Welche Folgen hat das? 

Uta Meier-Gräwe: 90 Prozent der jungen Männer erklären, sie können nicht putzen, waschen, kochen. Das ist nicht mehr zeitgemäß. Auf der anderen Seite werden jungen Frauen von Staats wegen die MINT-Berufe schmackhaft gemacht (Mathematik, Informatik, Naturwissenschaft, Technik), um dem Fachkräftemangel zu begegnen. Wenn man nicht gleichzeitig dafür sorgt, dass Buben in häusliche Versorgungsleistungen hineinwachsen, entsteht hier eine Lücke. Ich frage mich, wer die generative Sorgearbeit von der Wiege bis zur Bahre erfüllen soll. Ein Schulfach, in dem Alltagskompetenzen vermittelt werden, wäre ein erster Schritt.

Welche Inhalte sollte das neue Schulfach umfassen? 

Uta Meier-Gräwe: Es soll Kompetenzen vermitteln, die man benötigt, um den Alltag zu meistern. Dazu gehören beispielsweise der Umgang mit Geld und Zeit, gesunde Ernährung und nachhaltiges, umweltverträgliches Haushalten, aber keinesfalls nur theoretisch. Wichtig ist, dass praktische Erfahrungen vermittelt werden – es sollte ein Fach zum „Mit-Tun“ sein.

Wie schätzen Sie die Chancen für dieses neue Unterrichtsfach ein? 

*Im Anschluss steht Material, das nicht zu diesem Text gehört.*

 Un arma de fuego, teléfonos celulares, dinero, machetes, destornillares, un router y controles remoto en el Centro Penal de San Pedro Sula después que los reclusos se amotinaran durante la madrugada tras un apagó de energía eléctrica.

Uta Meier-Gräwe: Es wird Widerstände geben: Die Lehrpläne sind jetzt schon voll, die Stundentafeln der Schüler ebenso. Dennoch halte ich vor dem Hintergrund unserer hochkomplexen Gesellschaft ein Fach Alltagskompetenzen für genauso wichtig wie Mathe. Es muss einen Ort geben, an dem dieses Wissen systematisch vermittelt wird. Ich habe den Eindruck, dass in dieser Gesellschaft nicht wirklich verstanden wird, wie bedeutungsvoll die Alltagsökonomie ist. Unsere Ausbildung ist zu stark auf das Erwerbsleben ausgerichtet.